There was once a fund manager who made a lot of money shorting Enron before anyone knew the company was about to implode. As the story goes, the manager had an advisory board, and one of the people on the board was an academic, who at the mention of a possible investment in Enron began making telephone calls to the energy company's competitors and asked them one simple question: Are you comfortable working with Enron? He found no one was. Based on that information, the fund manager shorted the company, and the rest is history. 

It's this kind of thinking that is behind the growing market for socially responsible investments, where decisions are made not only on financial factors but on external ones, such as a company's labor, environmental or governance (ESG) record or its fit with people's religious beliefs. In fact, using such nonfinancial criteria enabled some SRI managers to fare better than traditional money managers last year. Some faith-based funds, for instance, sold off holdings in AIG International and Lehman Brothers Holdings months before these companies hit the skids because they had run afoul of the funds' pro-life criteria.

"There were many managers that got out of Lehman and AIG and Bear very early and didn't go down with the ship, and it was not because they knew those companies were weak and leaking but because of extra-financial factors discovered in the social research process. And that happens all the time," says Steven J. Schueth, president of Colorado Springs-based First Affirmative Financial Network LLC.

It's no surprise SRI is one of the fastest-growing sectors of the market. More than 70% of wealthy Americans have socially responsible and green investments in their portfolios, and 57% say they have as much as one-quarter of their portfolios in such investments, according to a recent survey by PNC Wealth Management.

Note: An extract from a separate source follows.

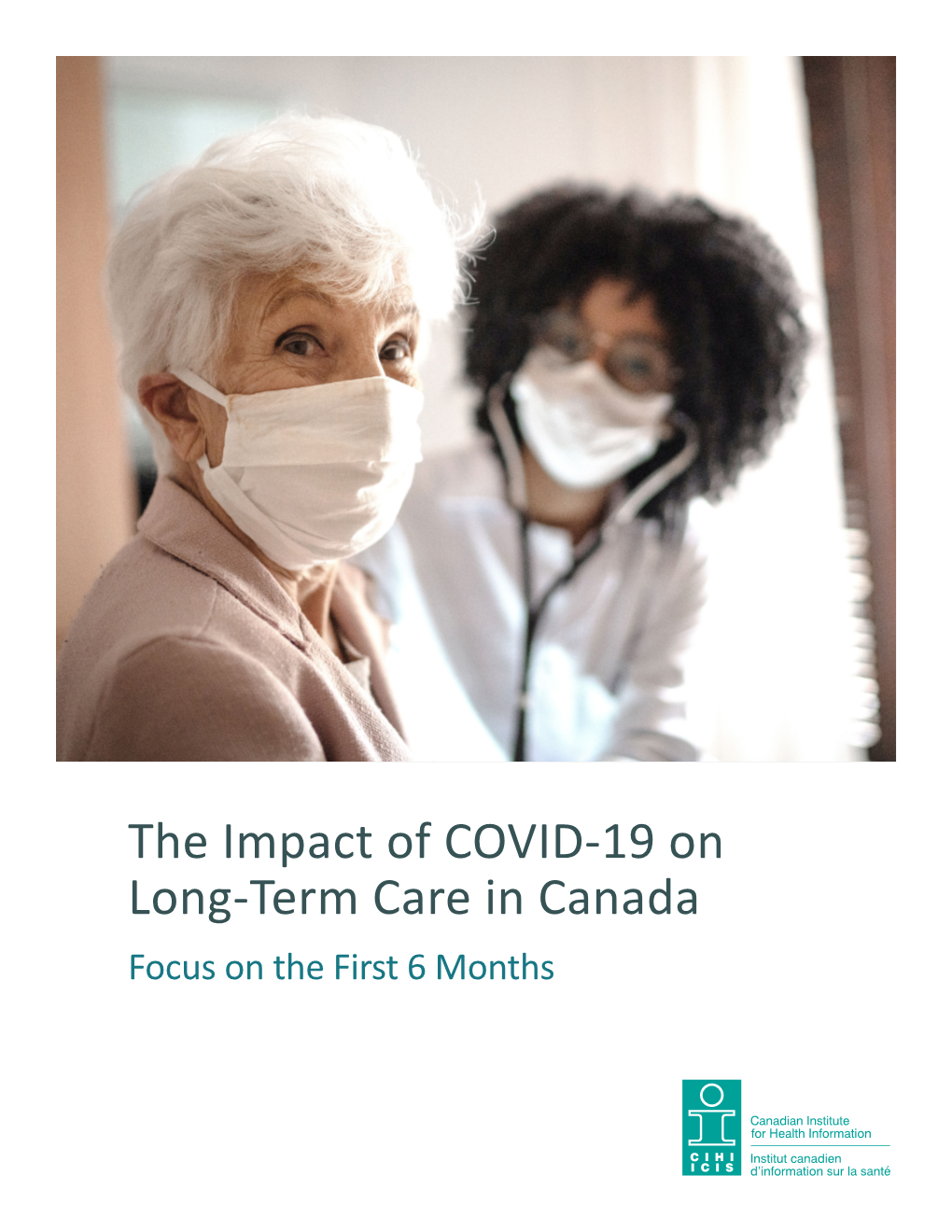 The Impact of COVID-19 on Long-Term Care in Canada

So how can advisors get their clients exposure to this sector? The simplest method is to offer investors SRI mutual funds. First Affirmative, for example, offers asset management and consulting services to advisors and currently has about 130 of them registered through its network. Advisors who work with the firm have access to 80 SRI mutual funds and 52 separate account managers. The advisors' clients are then charged a fee of about 1.4% of their assets. The more assets they have with the firm, the lower the fee goes.

Joan Fuetsch is one independent registered investment advisor, located in Menlo Park, Calif., who says she joined First Affirmative's network to offer her clients more socially responsible investments. She says aside from getting her access to its products and admission to one of the biggest SRI conferences in the country, her $1,300 annual membership enables her to list her name on a Web site called, which has allowed her to win new clients.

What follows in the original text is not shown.